Yep, that's where I am. I got some feedback on the blurb I wrote for The City Darkens (along the lines of it sucking) so now I'm trying without a ton of success to rewrite it. I'm really lucky, though, because a bunch of people are helping me (for free!) on AbsoluteWrite. I am genuinely grateful for this. I've realized, though, just how very, very bad I am at writing blurbs. (I've also realized how truly obscure dieselpunk is to the vast majority of people out there, even other writers on AW, but that's not the point of this blog post.)

I never really thought I was great at writing blurbs, you know, but now I have a sense for how truly terrible I am at it. For one thing, I usually only read the first two sentences of a blurb on a novel I'm thinking of reading. I do this not because I'm impatient (well... maybe that too) but because I hate when blurbs have spoilers in them. And they almost always do. And basically a lot of the advice I've been getting from the folks at AW is leading me to do some of that with my TCD blurb. This so goes against my tastes.
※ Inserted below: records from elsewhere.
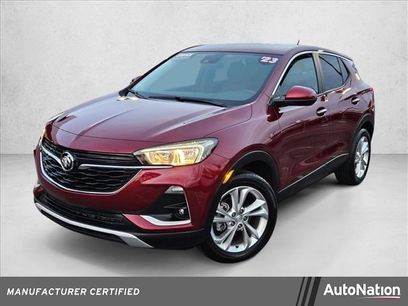 Certified 2023 Buick Encore GX Preferred w/ Cold Weather Comfort Package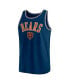 Men's Navy Chicago Bears Bet Tank Top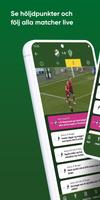 Superettan Live (officiell) ảnh chụp màn hình 2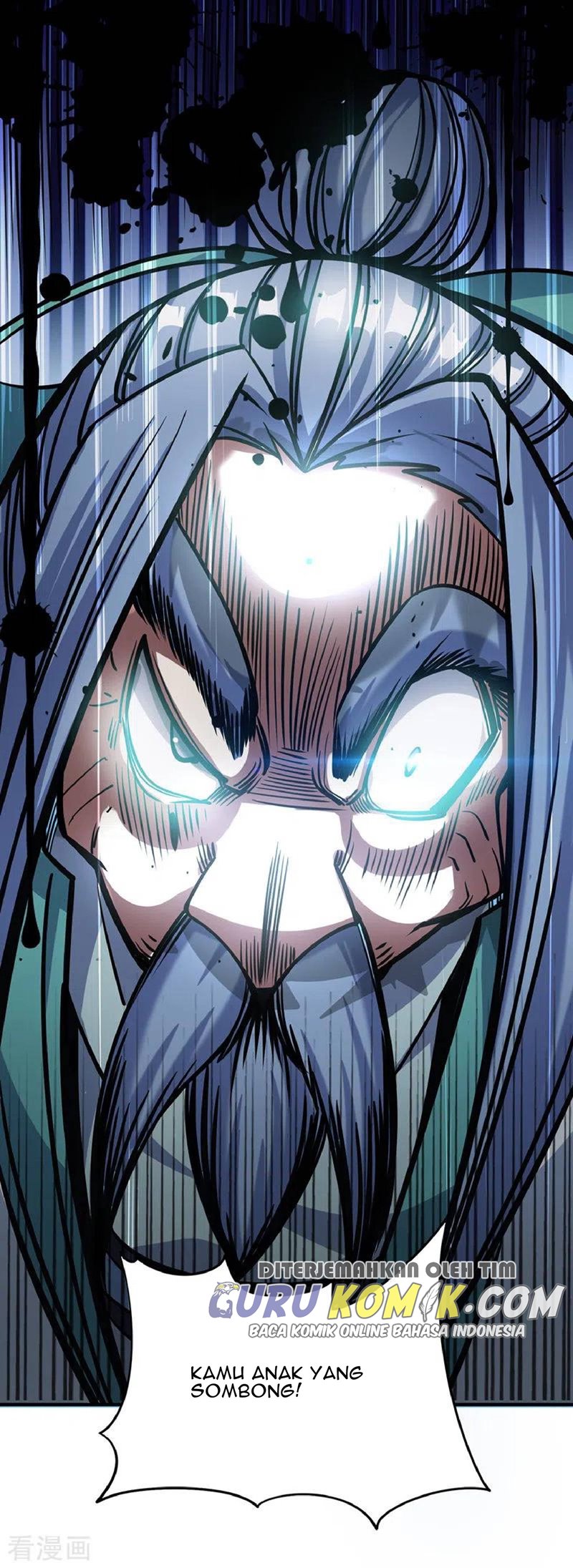 The First Son-In-Law Vanguard of All Time Chapter 96 Bahasa Indonesia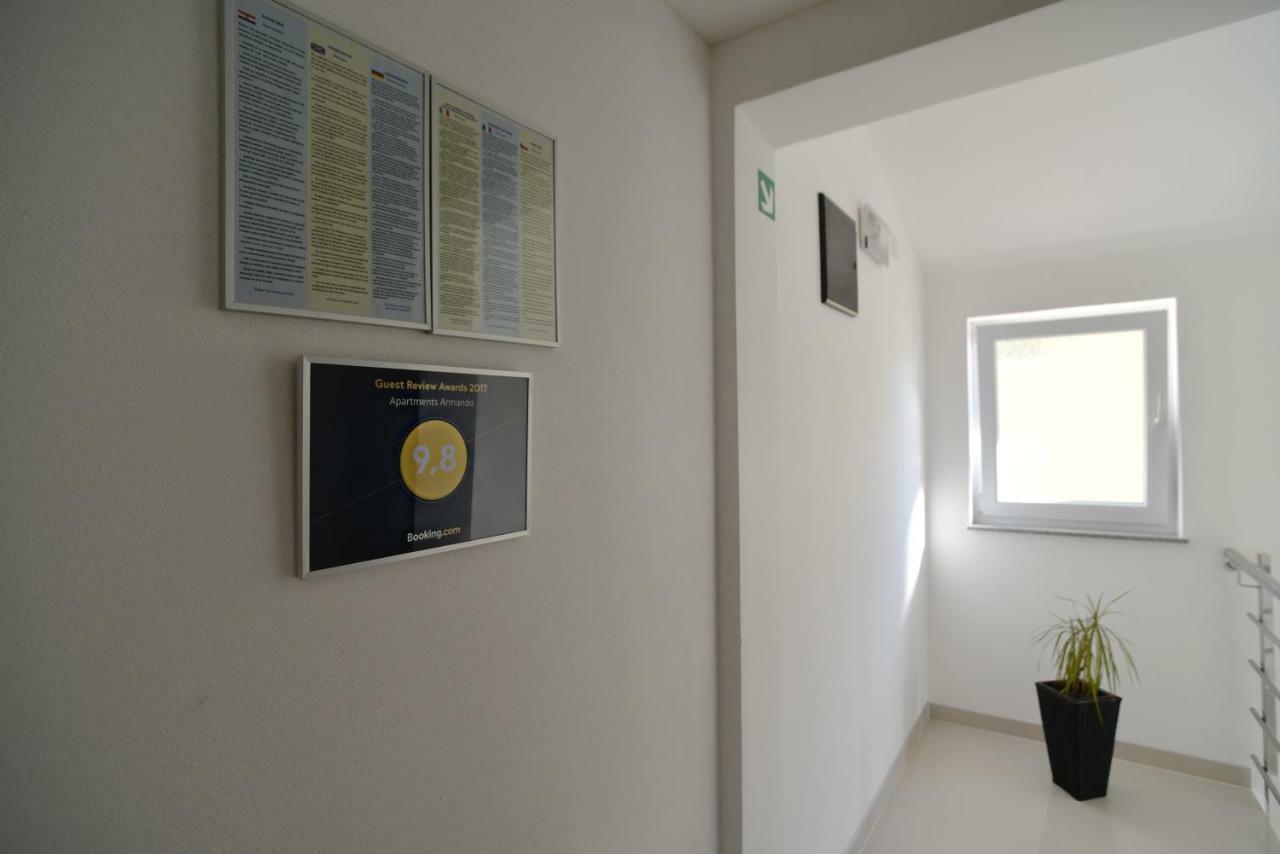 Apartments Armando ザダル エクステリア 写真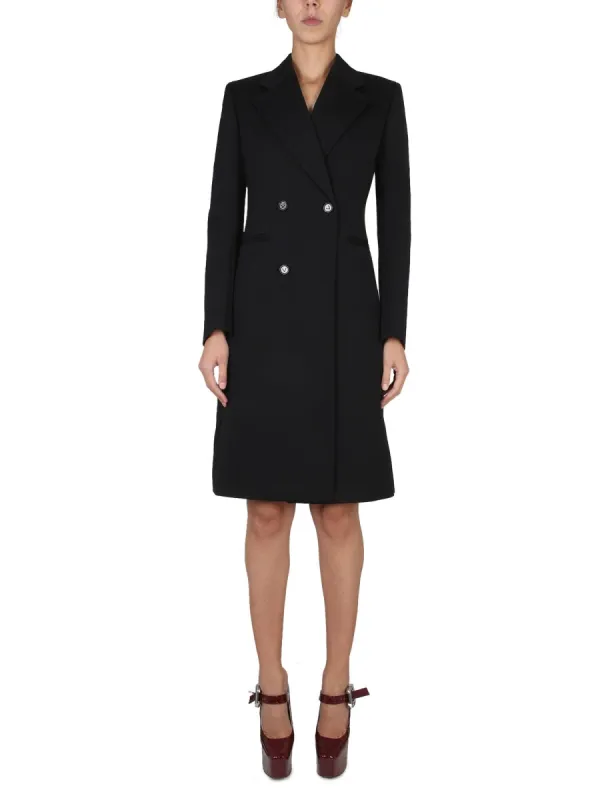 Wool Coat made by Bottega Veneta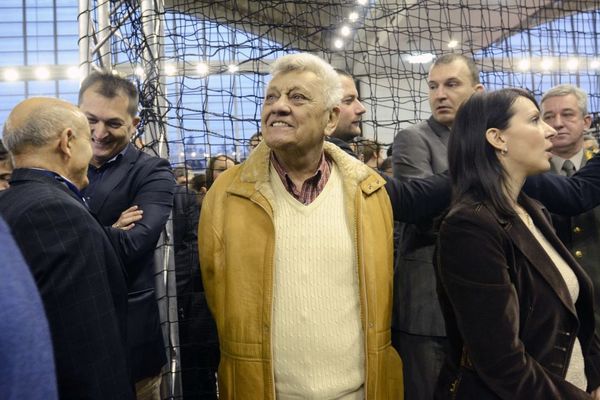 Moskva odaje počast legendi: Minut ćutanja za Ranka Žeravicu pred meč Himkija i Zvezde!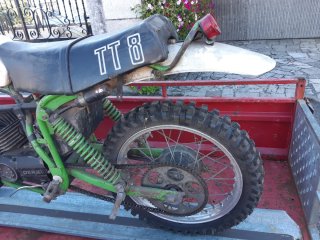 Derbi TT8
But let's face it, writing, "This is a really great novel. Trust me. You'll like it. You don't want me to give anything away why, right? Just trust me." Isn't going to work. So I'm biting the bullet and writing a new blurb that says a lot more about the story than the original blurb did.

In my latest attempt, I went and looked at the blurb for Kushiel's Dart, since it was one of the books that I thought of when I was coming up with my ideas for TCD (Cynthia Voigt's Jackaroo was another, as were a couple of Marion Zimmer Bradley novels). I followed the Kushiel blurb line by line, trying to come up with what the equivalent would be for TCD. That was interesting, and some of the AW peeps say they like this latest version the best. Now, of course, I'm going to rework it, both to incorporate the newest feedback but also to change it enough that it's not so close to the Kushiel blurb.

This process is frustrating and tiring and may be interfering with my regular writing energies. In any case, I haven't worked on the WiP in a couple of days. I haven't wanted to, which is disappointing because for a while there I was chugging right along. Today, though, I did think of something that was missing in the story, so with luck, I'll find the energy for it again tomorrow. 

When you read blurbs, do you like there to be a lot of information about the story, or do you avoid finding out a lot, like I do?

What qualities do the best blurbs have?